The data below is to be transcribed word for word; pictures are to be excluded.

[[ EXERCISE MATERIALS, beginning ]]

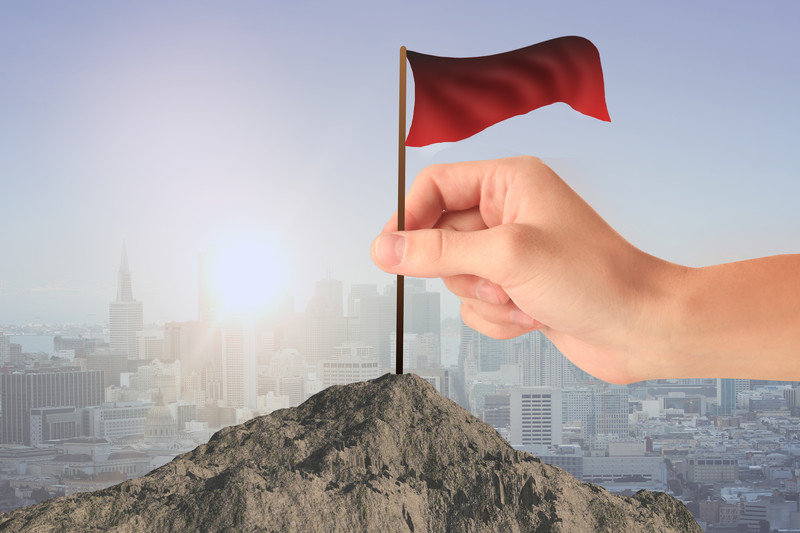 Hand putting red flag on mountain in front of cityscape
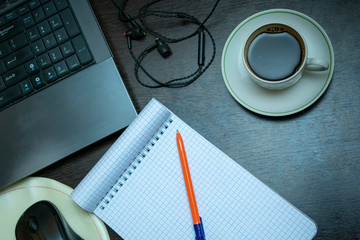 a clean notebook on the desktop, next to the laptop, a cup of coffee, headphones. A place to create ideas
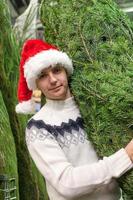 joven comprando un árbol de navidad en la tienda foto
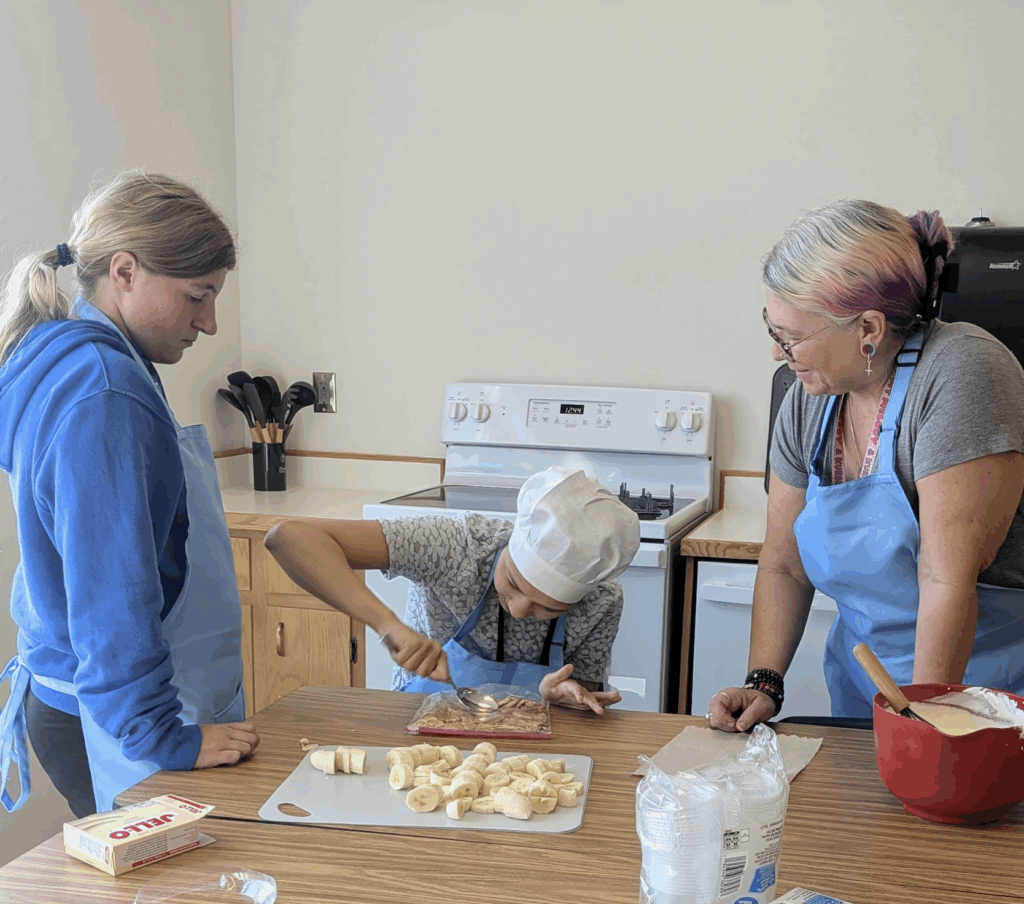 Unified Culinary students preparing bread with a teacher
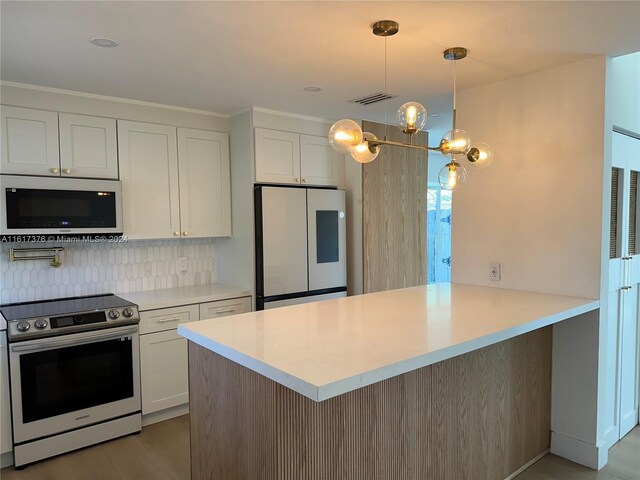 708 SE 3rd Ave Unit 201, Hallandale Beach, FL 33009 - kitchen with smart refrigerator, stainless steel electric range, white cabinets, a peninsula, and light countertops
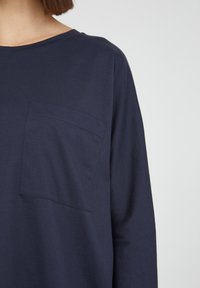 Tummansininen pitkähihaisellinen paita, joka on valmistettu pehmeästä puuvillasta. Paidassa on neliömäinen tasku vasemmassa rinnassa ja pyöreä kaula-aukko.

[[ EXERCISE MATERIALS, end ]]

OUTPUT BELOW:
 Hand putting red flag on mountain in front of cityscape
 a clean notebook on the desktop, next to the laptop, a cup of coffee, headphones. A place to create ideas
 joven comprando un árbol de navidad en la tienda foto
 Unified Culinary students preparing bread with a teacher
 708 SE 3rd Ave Unit 201, Hallandale Beach, FL 33009 - kitchen with smart refrigerator, stainless steel electric range, white cabinets, a peninsula, and light countertops
 Tummansininen pitkähihaisellinen paita, joka on valmistettu pehmeästä puuvillasta. Paidassa on neliömäinen tasku vasemmassa rinnassa ja pyöreä kaula-aukko.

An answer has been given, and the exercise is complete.